Die rechtliche Grundlage für ein variables Tarifmodell, das einen Smart-Meter-Lastgang nutzt, bietet jedoch ein mit dem Endkunden bilateral abgeschlossener Vertrag. Darin ist expli-zit das Messen, Übermitteln, Speichern und Verarbeiten der ¼-Stundenwerte zum Zweck des Steuerns und Abrechnens des Verbrauchs anhand des dynamischen Tarifmodells zu regeln.

Beim Angebot eines solchen dynamischen Preismodells sind besondere eichrechtliche Anforderungen zu berücksichtigen. Der Endkunde hat bei einer Tarifierung seiner Lastgänge im zentralen Pre-billing-System des Energiehändlers, durch die am Messsystem nicht nachvollziehbare Mengen- und Preiszuordnung, keine Möglichkeit die Rechnung zu prüfen. Dem Endkunden muss deshalb mit weiteren technischen Maßnahmen, zum Beispiel in Form eines "elektronischen Einzelverbindungsnachweises", eine Mengen- und Preiszuordnung übermittelt werden. Damit kann er die ausgewiesenen Mengen auf dem Nachweis mit den Verbrauchsdaten im Gateway vergleichen. Abrechnungsprozesse sind so zu takten, dass sie mit den maximalen Speicherzeiten des Gateways korrespondieren und der Kunde sie prüfen kann. Weiterhin muss der Lastgang des Endkunden im Gateway des Smart Meter mit einer digitalen Signatur versehen sein. Diese ist über den kompletten Verarbeitungsprozess von allen regulierten Marktteilnehmern vorzuhalten. Genanntes gilt vorbehaltlich einer abschließenden Novellierung des Eichrechtes.

Mit der Zunahme von kommunikationsfähigen Messsystemen im Netz steigt die Anzahl abrechnungsrelevanter Daten exponentiell. Sind heute noch sehr einfache Tarife mit ein oder zwei Abrechnungswerten pro Jahr die Regel, explodieren die Datenmengen geradezu (Faktor 35.040) beim Abrechnen auf Basis von Viertelstundenwerten - und das je Marktrolle. Der Wunsch von Endkunden nach differenzierten und flexiblen Tarifen und die Absicht der Versorger, den Kunden durch finanzielle Anreize zu einem netzverträglichen Abnahmeverhalten zu animieren, werden zukünftig flexible und granulare Tarife erforderlich machen. Dies führt zu einem signifikanten Wandel in den bisherigen Abrechnungs- und Kundeninformationsprozessen. Im Ergebnis gibt es neue Pre-billing- und Tarifierungsfunktionen für große Verbrauchsdatenmengen.
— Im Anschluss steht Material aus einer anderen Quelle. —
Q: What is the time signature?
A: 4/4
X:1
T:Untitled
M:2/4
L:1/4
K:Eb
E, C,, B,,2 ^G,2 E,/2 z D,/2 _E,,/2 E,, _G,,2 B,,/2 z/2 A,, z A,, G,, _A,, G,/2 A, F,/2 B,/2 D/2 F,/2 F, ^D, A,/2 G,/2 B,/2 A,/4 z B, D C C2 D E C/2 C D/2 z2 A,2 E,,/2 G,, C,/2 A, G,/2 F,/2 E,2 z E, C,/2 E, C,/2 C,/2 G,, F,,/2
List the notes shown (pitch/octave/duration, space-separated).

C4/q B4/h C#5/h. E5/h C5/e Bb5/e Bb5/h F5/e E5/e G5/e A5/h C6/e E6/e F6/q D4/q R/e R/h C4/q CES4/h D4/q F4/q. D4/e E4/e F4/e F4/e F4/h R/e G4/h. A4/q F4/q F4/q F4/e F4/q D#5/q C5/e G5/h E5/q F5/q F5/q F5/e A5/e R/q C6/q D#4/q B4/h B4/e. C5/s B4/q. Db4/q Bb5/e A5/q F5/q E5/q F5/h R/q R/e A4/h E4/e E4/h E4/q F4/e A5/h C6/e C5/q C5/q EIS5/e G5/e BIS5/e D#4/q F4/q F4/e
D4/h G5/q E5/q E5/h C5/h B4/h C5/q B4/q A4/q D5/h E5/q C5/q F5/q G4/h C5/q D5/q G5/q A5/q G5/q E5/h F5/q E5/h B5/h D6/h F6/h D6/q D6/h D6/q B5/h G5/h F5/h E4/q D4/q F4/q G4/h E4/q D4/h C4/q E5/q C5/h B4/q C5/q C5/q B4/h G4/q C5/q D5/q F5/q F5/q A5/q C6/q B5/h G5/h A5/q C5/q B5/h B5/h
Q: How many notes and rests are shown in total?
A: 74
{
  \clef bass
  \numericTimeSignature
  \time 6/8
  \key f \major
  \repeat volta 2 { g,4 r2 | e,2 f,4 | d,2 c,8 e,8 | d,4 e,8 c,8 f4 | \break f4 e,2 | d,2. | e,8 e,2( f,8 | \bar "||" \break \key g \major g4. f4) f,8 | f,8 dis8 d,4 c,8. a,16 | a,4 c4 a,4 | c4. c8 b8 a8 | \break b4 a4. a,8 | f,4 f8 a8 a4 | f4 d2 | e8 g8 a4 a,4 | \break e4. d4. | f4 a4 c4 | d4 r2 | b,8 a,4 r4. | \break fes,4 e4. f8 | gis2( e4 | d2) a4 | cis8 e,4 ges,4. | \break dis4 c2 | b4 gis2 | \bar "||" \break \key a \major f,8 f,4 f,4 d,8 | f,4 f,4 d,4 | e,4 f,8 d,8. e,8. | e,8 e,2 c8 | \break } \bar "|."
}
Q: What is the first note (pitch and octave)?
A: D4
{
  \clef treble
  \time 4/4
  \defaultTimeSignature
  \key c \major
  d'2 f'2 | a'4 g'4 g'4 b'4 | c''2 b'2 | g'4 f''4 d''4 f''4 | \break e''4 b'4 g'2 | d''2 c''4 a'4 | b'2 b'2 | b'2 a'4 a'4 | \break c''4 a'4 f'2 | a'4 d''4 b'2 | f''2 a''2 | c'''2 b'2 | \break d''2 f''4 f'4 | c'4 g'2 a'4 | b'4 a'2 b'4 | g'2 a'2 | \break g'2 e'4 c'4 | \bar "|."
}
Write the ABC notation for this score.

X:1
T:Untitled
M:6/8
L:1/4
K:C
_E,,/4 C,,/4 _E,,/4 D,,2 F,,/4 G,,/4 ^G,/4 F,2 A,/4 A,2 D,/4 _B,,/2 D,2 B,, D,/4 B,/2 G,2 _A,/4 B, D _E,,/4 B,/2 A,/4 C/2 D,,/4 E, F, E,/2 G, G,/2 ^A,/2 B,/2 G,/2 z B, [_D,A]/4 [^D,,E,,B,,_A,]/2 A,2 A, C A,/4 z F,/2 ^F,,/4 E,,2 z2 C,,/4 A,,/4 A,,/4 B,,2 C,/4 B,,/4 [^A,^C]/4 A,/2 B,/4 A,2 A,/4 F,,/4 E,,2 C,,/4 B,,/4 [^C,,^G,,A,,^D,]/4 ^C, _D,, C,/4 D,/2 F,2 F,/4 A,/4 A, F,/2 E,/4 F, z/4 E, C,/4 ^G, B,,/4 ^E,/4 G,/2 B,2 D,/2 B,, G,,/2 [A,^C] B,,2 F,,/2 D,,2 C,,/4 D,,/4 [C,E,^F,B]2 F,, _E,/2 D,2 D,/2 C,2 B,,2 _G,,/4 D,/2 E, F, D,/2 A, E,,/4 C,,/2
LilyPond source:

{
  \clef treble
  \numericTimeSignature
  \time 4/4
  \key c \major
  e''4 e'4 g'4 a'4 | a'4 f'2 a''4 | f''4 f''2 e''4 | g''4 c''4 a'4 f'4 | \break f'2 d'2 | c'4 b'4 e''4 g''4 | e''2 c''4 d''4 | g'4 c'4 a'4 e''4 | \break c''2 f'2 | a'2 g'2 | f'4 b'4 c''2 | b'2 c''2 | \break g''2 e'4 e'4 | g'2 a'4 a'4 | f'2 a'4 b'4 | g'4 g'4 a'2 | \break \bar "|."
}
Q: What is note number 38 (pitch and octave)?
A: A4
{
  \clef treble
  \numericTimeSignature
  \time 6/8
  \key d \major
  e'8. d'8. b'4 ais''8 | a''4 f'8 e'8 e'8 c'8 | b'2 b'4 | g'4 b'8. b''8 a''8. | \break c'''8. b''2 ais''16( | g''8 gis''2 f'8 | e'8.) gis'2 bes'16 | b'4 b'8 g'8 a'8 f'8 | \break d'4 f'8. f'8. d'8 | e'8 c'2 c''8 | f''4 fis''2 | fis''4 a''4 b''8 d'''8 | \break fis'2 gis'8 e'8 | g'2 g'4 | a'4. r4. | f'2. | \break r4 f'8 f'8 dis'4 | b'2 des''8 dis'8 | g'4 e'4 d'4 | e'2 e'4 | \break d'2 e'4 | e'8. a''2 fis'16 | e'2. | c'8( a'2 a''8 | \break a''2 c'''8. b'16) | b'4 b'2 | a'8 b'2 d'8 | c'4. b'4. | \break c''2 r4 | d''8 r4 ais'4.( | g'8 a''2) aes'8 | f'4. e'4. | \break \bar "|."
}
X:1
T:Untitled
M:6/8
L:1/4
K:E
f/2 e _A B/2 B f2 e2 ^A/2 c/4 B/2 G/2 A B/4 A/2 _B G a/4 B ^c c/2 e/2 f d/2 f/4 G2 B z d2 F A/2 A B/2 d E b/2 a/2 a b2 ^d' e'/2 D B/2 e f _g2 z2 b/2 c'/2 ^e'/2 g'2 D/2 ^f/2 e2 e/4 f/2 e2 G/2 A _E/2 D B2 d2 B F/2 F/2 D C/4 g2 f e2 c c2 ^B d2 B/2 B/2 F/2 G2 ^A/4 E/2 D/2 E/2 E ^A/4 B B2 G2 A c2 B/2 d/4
Preisinduziertes Demand Side Management

Die Energiewende braucht als Erfolgselement ein preisinduziertes Demand Side Management. Damit wird die Elektromobilität erfolgreich in die Netztopologie integriert wie auch sonstige steuerbare Lasten und der Verbrauch wird an die Verfügbarkeit regenerativer Energie angepasst.

Wesentliche Rahmenbedingungen müssen allerdings noch durch den Gesetzgeber geschaffen werden. Dazu gehören variable Netzentgelte und eine Abkehr einer Bilanzierung nach Standardlastprofil, als wirtschaftliche Grundlage für kommende Geschäftsmodelle und neue Marktteilnehmer. Auch die Vorschläge aus den E-Energy-Projekten, lokale Marktplätze zu schaffen, sind zu begrüßen. Sie werden sich signifikant auswirken sowohl auf die Prozesse als auch die IKT-Landschaft aller beteiligten Marktakteure.

Kritisch zu bewerten ist, die Marktrollen von Verteilnetzbetrieb und Messstellenbetrieb zu trennen. Die resultierende Prozesskomplexität führt zu großen Effizienzverlusten.

Abschließend ist anzumerken, dass sich die Forschungsprojekte im Wesentlichen auf den Strommarkt fokussieren. Dabei darf der Wärmemarkt nicht aus den Augen verloren werden. Hier liegen insbesondere bei Haushaltskunden die deutlich höheren Potenziale, Emissionen zu reduzieren.

Weitere Informationen

[1] BSI : [Entwurf] Technische Richtlinie BSI - TR 03109 Version 0.50, 25.05.2012

[2] BNetzA : "Smart Grid" und "Smart Market" - Eckpunktepapier der Bundesnetzagentur zu den Aspekten des sich verändernden Energieversorgungssystems, Bonn, Dezember 2011

[3] Hans-Jürgen Appelrath, et al.: Future Energy Grid - Migrationspfade ins Internet der Energie, Acatech Studie, Februar 2012, S. 49 ff.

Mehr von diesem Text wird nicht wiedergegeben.